Da er auch Sporthistoriker ist und sich auch in seiner journalistischen Tätigkeit mit Sport befasst, haben wir ihn auch zum Thema Sport und Rechtsradikalismus befragt und ihn auch darauf angesprochen, wie die Medien Feinbilder schaffen, anstatt Toleranz und friedliches Zusammenleben zu fördern.
Möchte nun kurz die Biographie von Mag. Praher anführen, um ihm dann das Wort zu übergeben.
Mag. Andreas Praher, geboren 1980 in Linz, studierte Geschichte und Publizistik in Salzburg und Leeds. Der Historiker und Journalist schreibt seit 2006 als Lokalredakteur für die „Salzburger Woche“ und war zuvor als freier Mitarbeiter im Sport für die österreichische Tageszeitung „Kurier“ tätig. Seit 2009 ist er wissenschaftlicher Mitarbeiter des Projekts „Die Stadt Salzburg im Nationalsozialismus“ und sitzt seit 2014 im Leitungsteam des Forschungsprojekts des Landes Salzburg „Sport in der NS-Zeit“. Er veröffentlichte diverse Aufsätze zur Kultur- und Fußballgeschichte, unter anderem zur sowjetischen Besatzung im oberösterreichischen Mühlviertel sowie zum Salzburger Fußball in der Zwischenkriegszeit und der Zeit des Nationalsozialismus. Im Rahmen seiner Dissertation setzt sich Praher derzeit mit der Geschichte des österreichischen Skisports in den 1930er- und 1940er-Jahren auseinander.

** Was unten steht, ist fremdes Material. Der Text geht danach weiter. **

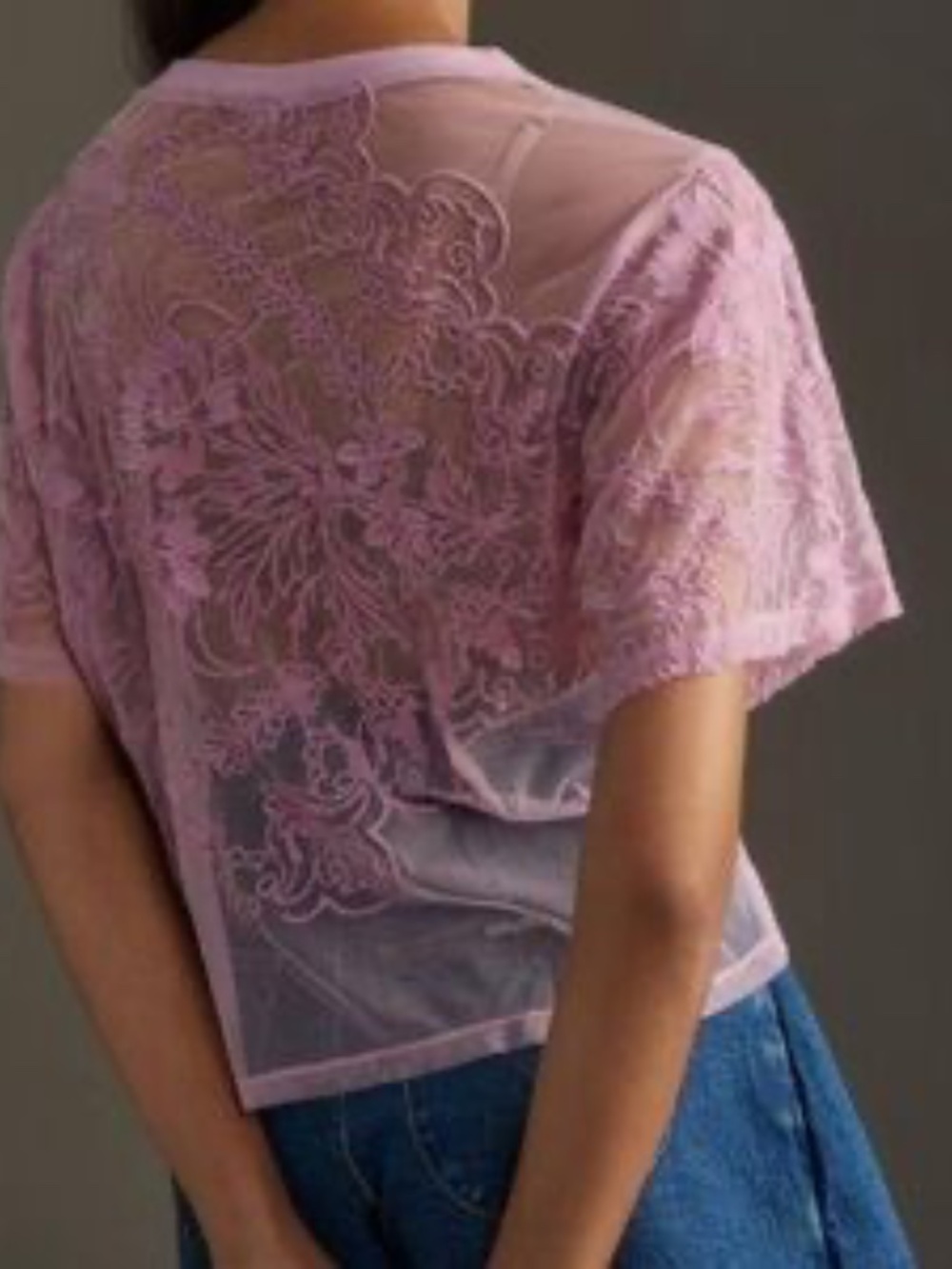 Anthropologie Women's Embroidered Sheer Lace Lavender Short Sleeve Top- XS - Picture 3 of 8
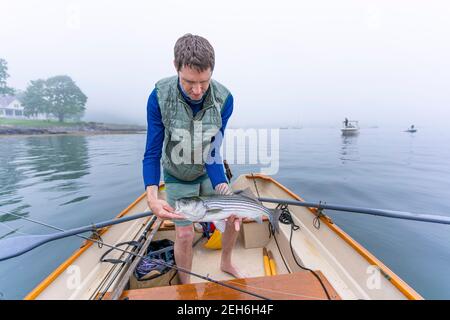 Pêche aux striper dans le port de Camden, Maine, tôt le matin. Banque D'Images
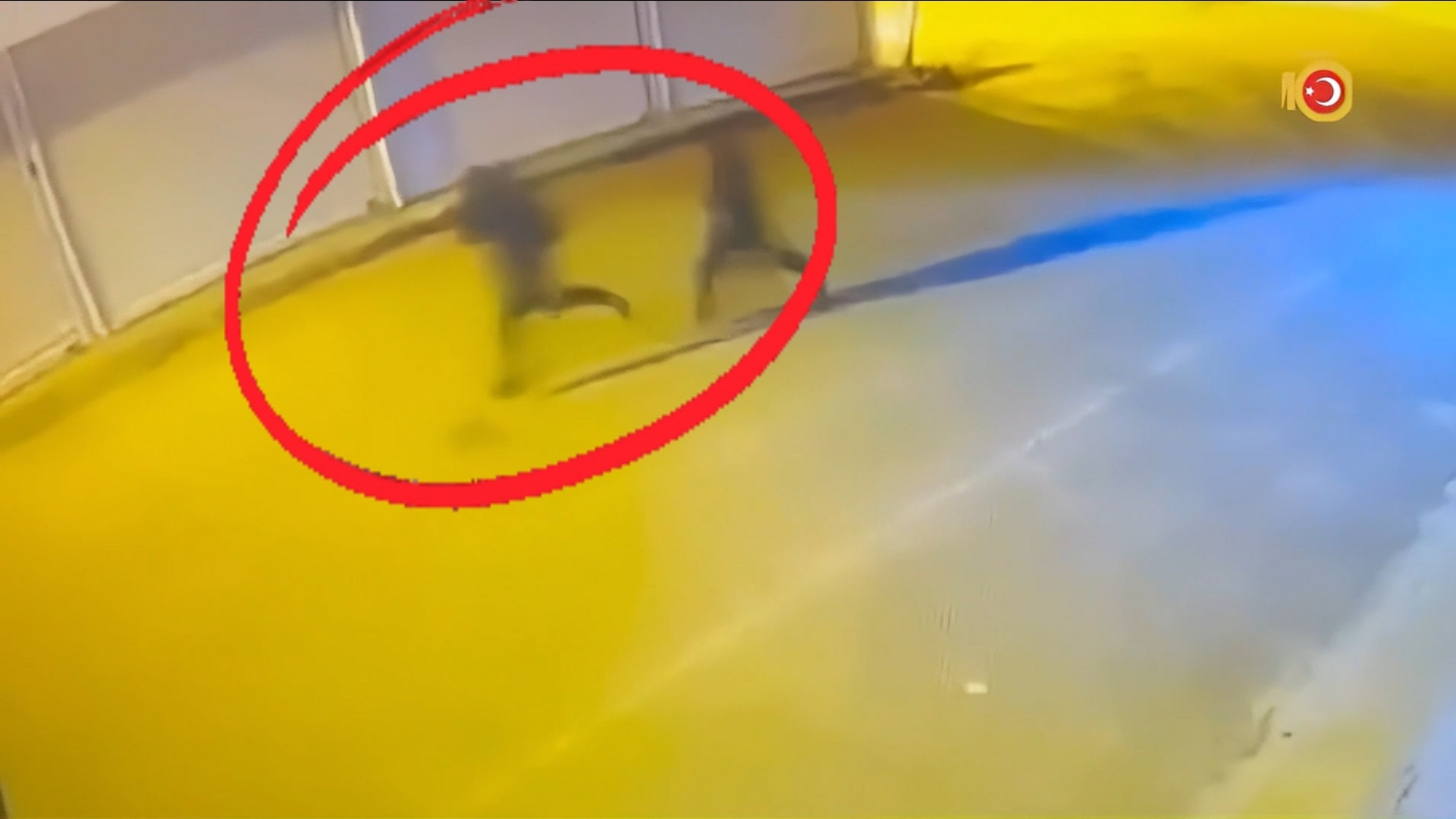 Diyarbakır'da çıkar amaçlı silahlı suç örgütüne operasyon: 15 tutuklama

Danke fürs Lesen und Teilen
Liebe Grüße
Dr. phil. Milena Rampoldi von ProMosaik e.V.
Wie wichtig sind für Sie heute Ihr Geschichtestudium und Ihre Forschungsarbeit über den Nationalsozialismus für Ihr heutiges Engagement gegen Rechtsradikalismus?
Mag. Andreas Praher:
Sehr wichtig. Das Geschichtsstudium eröffnet sicher den Blick und sensibilisiert für gesellschaftliche Probleme und es lehrt einem, die Gegenwart besser zu verstehen. Meine Forschungsarbeit über den Nationalsozialismus hat mir gezeigt, dass es nicht nur Opfer und Täter gab, sondern viele Graubereiche. Diese zu erhellen, schafft auch eine kritische Annäherung an radikale Strömungen. Es stimmt befremdlich, wenn in Deutschland und Österreich gleichermaßen Menschen auf die Straße gehen und „Wir sind das Volk!“ skandieren. Wer ist denn mit „Wir“ und wer mit dem „Volk“ gemeint? In den Köpfen dieser Menschen sicher nicht jene Frauen, Männer und Kinder, die noch vor 20 Jahren ausgebombt auf der Flucht vor dem Balkankrieg nach Westen drängten und hier nun leben, arbeiten, Steuern zahlen und Familie haben. Ebensowenig wie jene, die jetzt mit Nichts vor den Grenzen Europas stehen. Da kursiert ein Menschenbild, das weit weg ist von einem zivilisierten und viel näher an jenem, das vor über 70 Jahren Millionen infizierte und für Abermillionen den Tod bedeutete.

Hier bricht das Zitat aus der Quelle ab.